Location: Genetics and Animal BreedingTitle: Chromosome-length haplotigs for yak and cattle from trio binning assembly of an F1 hybrid
|RICE, EDWARD - University Of Nebraska|
|KOREN, SERGEY - National Human Genome Research Institute|
|RHIE, ARANG - National Human Genome Research Institute|
|Heaton, Michael - Mike|
|KALBFLEISCH, THEODORE - University Of Kentucky|
|HARDY, TIMOTHY - Usyaks|
|HACKETT, PETER - Usyaks|
|Rosen, Benjamin - Ben|
|VANDER LEY, BRIAN - University Of Nebraska|
|MAURER, NICHOLAS - University Of California Santa Cruz|
|GREEN, RICHARD - University Of California Santa Cruz|
|PHILLIPPY, ADAM - National Human Genome Research Institute|
|PETERSEN, JESSICA - University Of Nebraska|
|Smith, Timothy - Tim|
Submitted to: bioRxiv
Publication Type: Research Notes
Publication Acceptance Date: 8/15/2019
Publication Date: 8/15/2019
Citation: Rice, E.S., Koren, S., Rhie, A., Heaton, M.P., Kalbfleisch, T.S., Hardy, T., Hackett, P.H., Bickhart, D.M., Rosen, B.D., Vander Ley, B., Maurer, N.W., Green, R.E., Phillippy, A.M., Petersen, J.L., Smith, T.P.L. 2019. Chromosome-length haplotigs for yak and cattle from trio binning assembly of an F1 hybrid. bioRxiv. 737171. https://doi.org/10.1101/737171.
Interpretive Summary: We have developed a new approach to genome assembly that makes use of the difference between maternally-derived and paternal chromosomes, to produce two haploid genome assemblies from a single individual.
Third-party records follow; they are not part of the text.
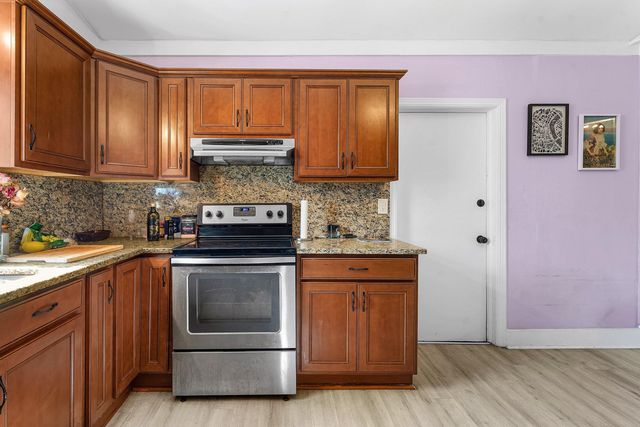 110 Wilson Road, West Palm Beach, FL 33406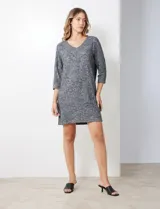 Vestido corto gris melange de tejido soft, con escote en V y mangas 3/4 japonesas en tejido rib.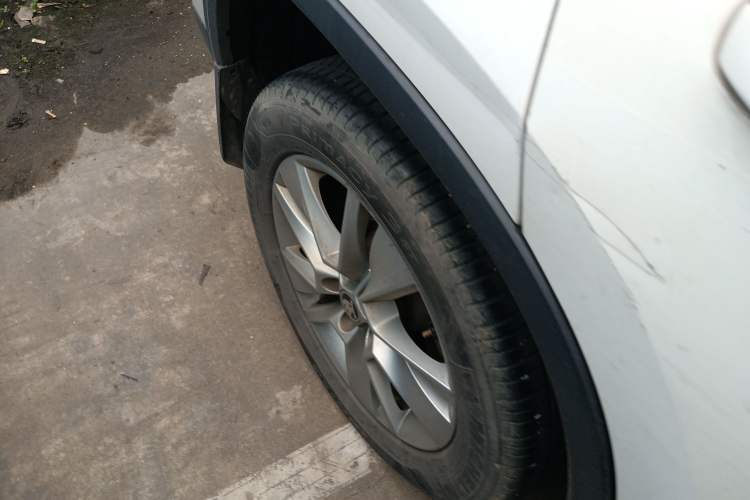 Used Skoda Kodiaq 2018 Facelifted TSI330 5-Seater Two-Wheel-Drive Luxury Enjoyment Edition Right Rear Wheel Hub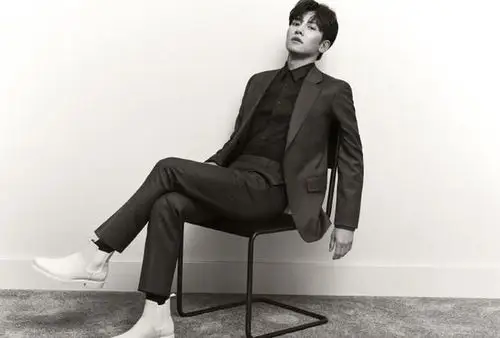 池昌旭ck春季大片,凉拖鞋出镜同样帅的冒泡,这颜值可以舔屏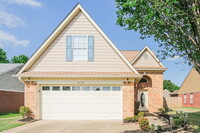 Building Photo - 10738 Pecan View Dr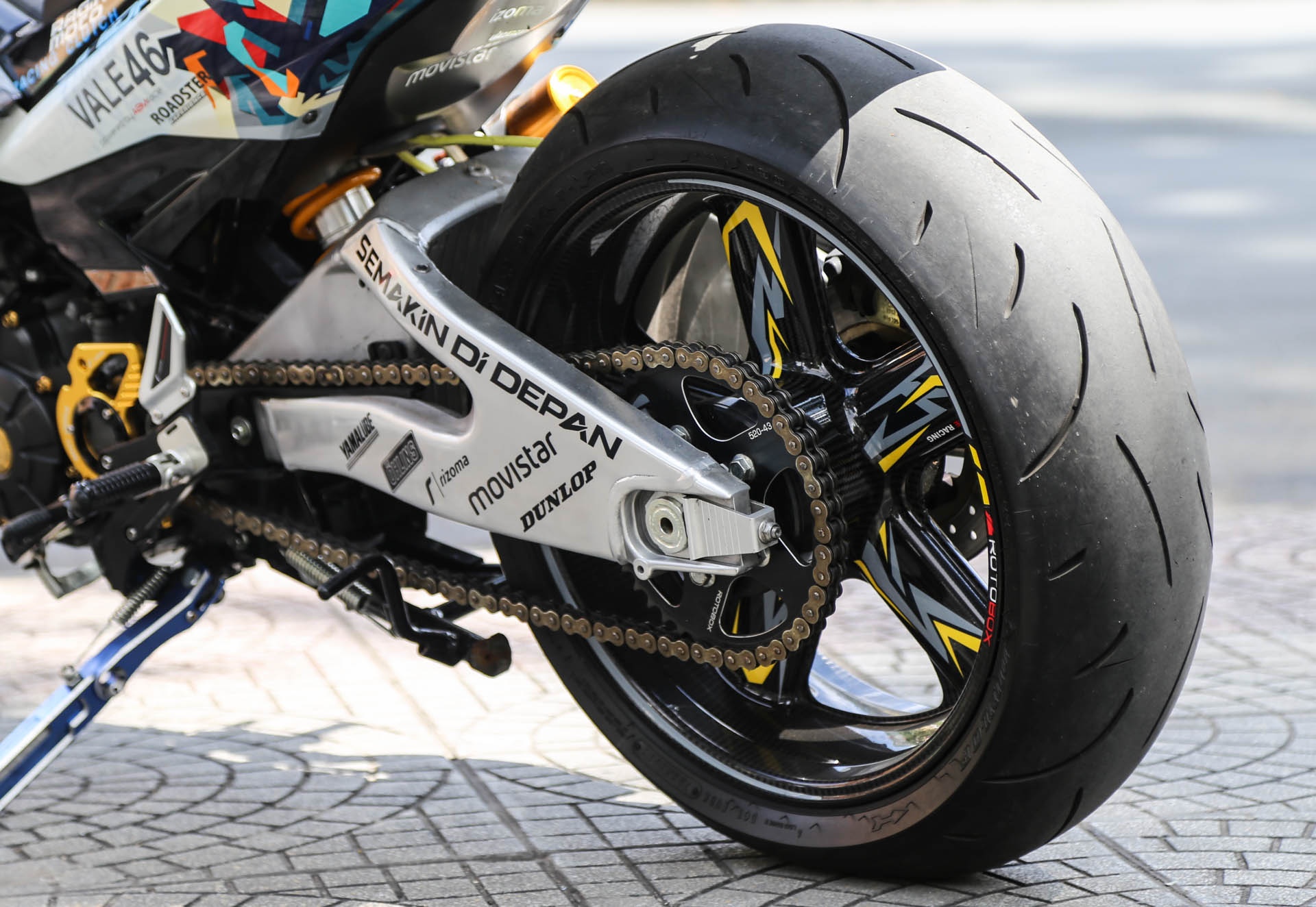 Exciter do 300 trieu dong anh 4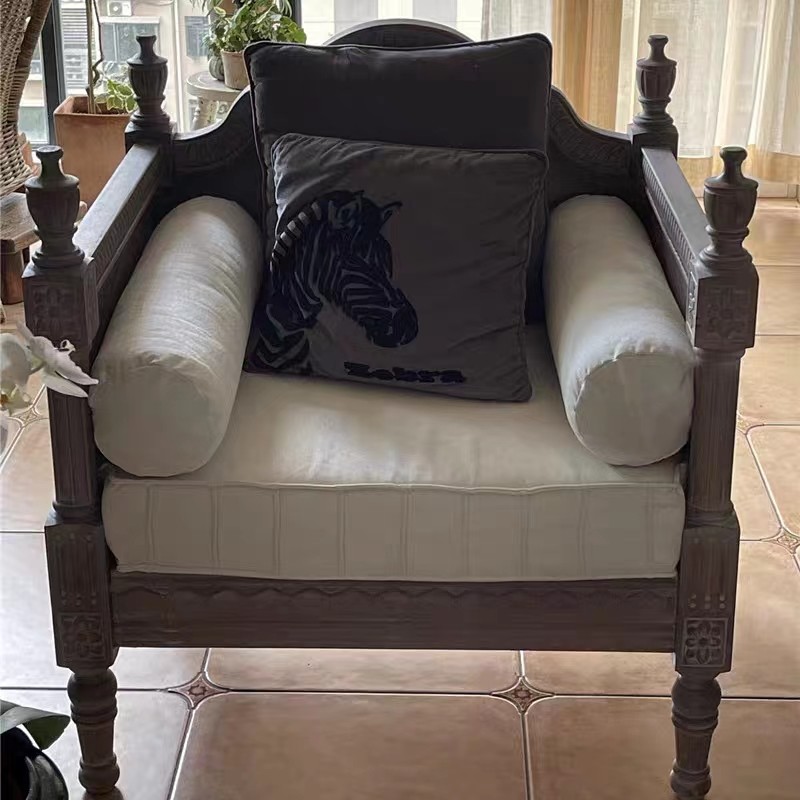 Custom Hotel Room Furniture European Retro Style Fashion High End Royal Sofa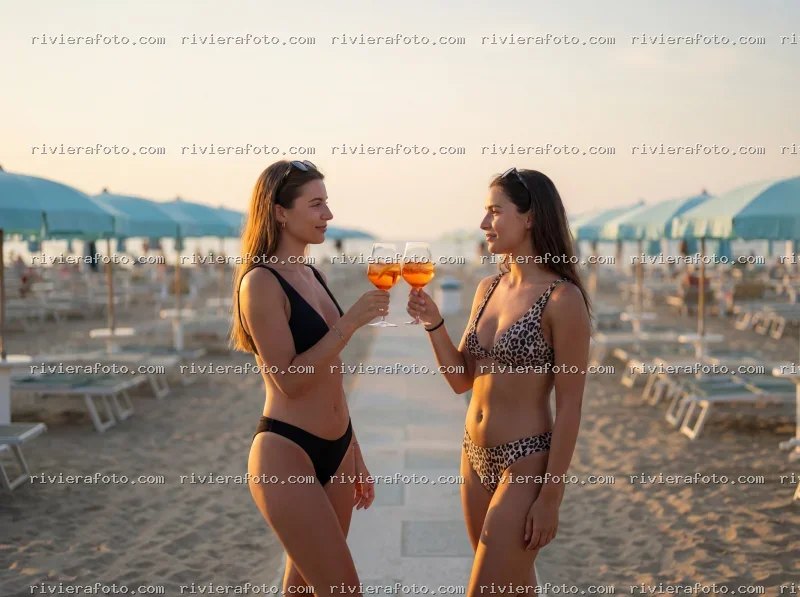Aperitivo al tramonto sulle spiagge di Rimini nella Riviera Romagnola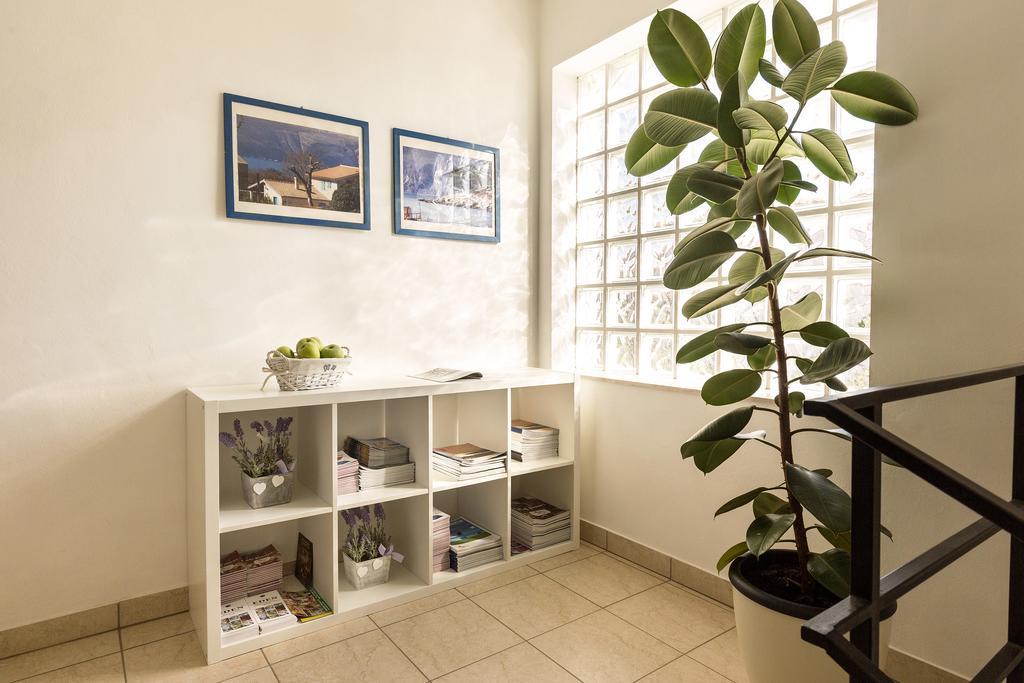 Apartments Renata Pinezici  Ngoại thất bức ảnh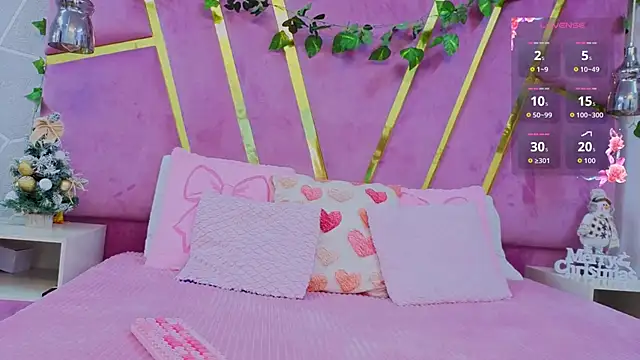 EmmyCortez online show from 12-21-25, 01:02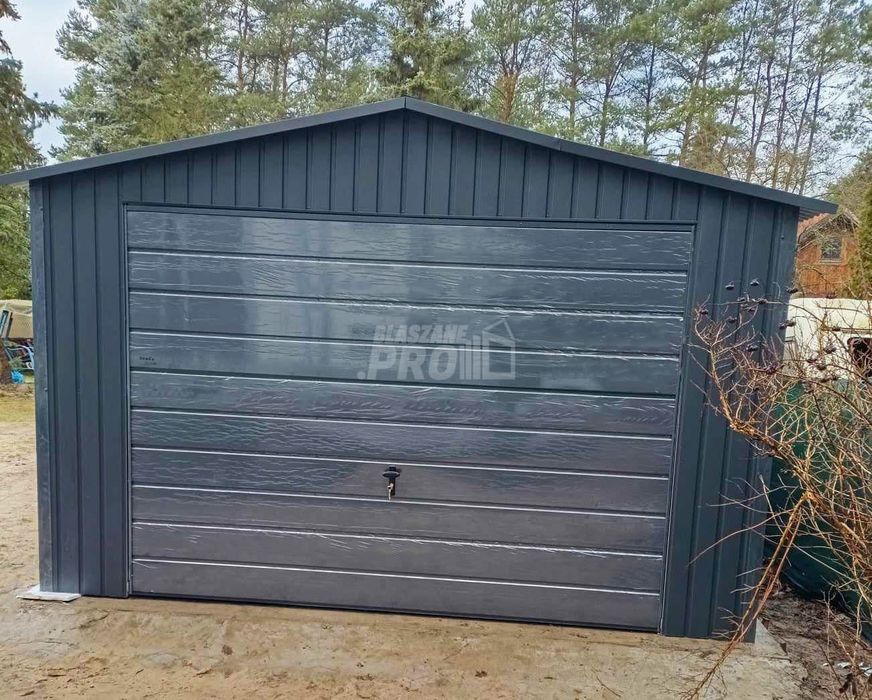 Garaż blaszany 4x9m Brama uchylna antracyt - dach dwuspadowy GP521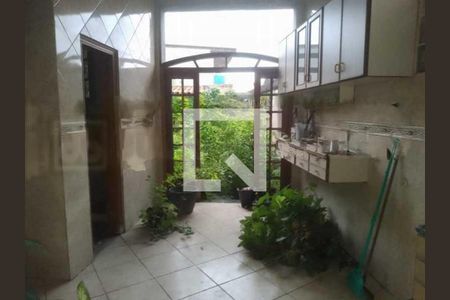 Casa à venda com 341m², 4 quartos e sem vaga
This process involves collecting sequence of both parents of an animal, and determining where there is unique sequence that distinguishes them from one another. We then use a list of all these differences, to sort the sequence reads from the offspring into “bins” depending on whether they come from maternal or paternally-inherited chromosomes. In this way, we can create two higher quality, higher accuracy genomes out of a single sample. We apply this approach to the offspring of the mating of a Scottish Highland beef bull and a Yak cow, an interspecies hybrid, to create both Highland and Yak genome assemblies. Both the assemblies represent two of the highest quality assemblies of any mammal to date, rivaling the human reference genome in accuracy and continuity.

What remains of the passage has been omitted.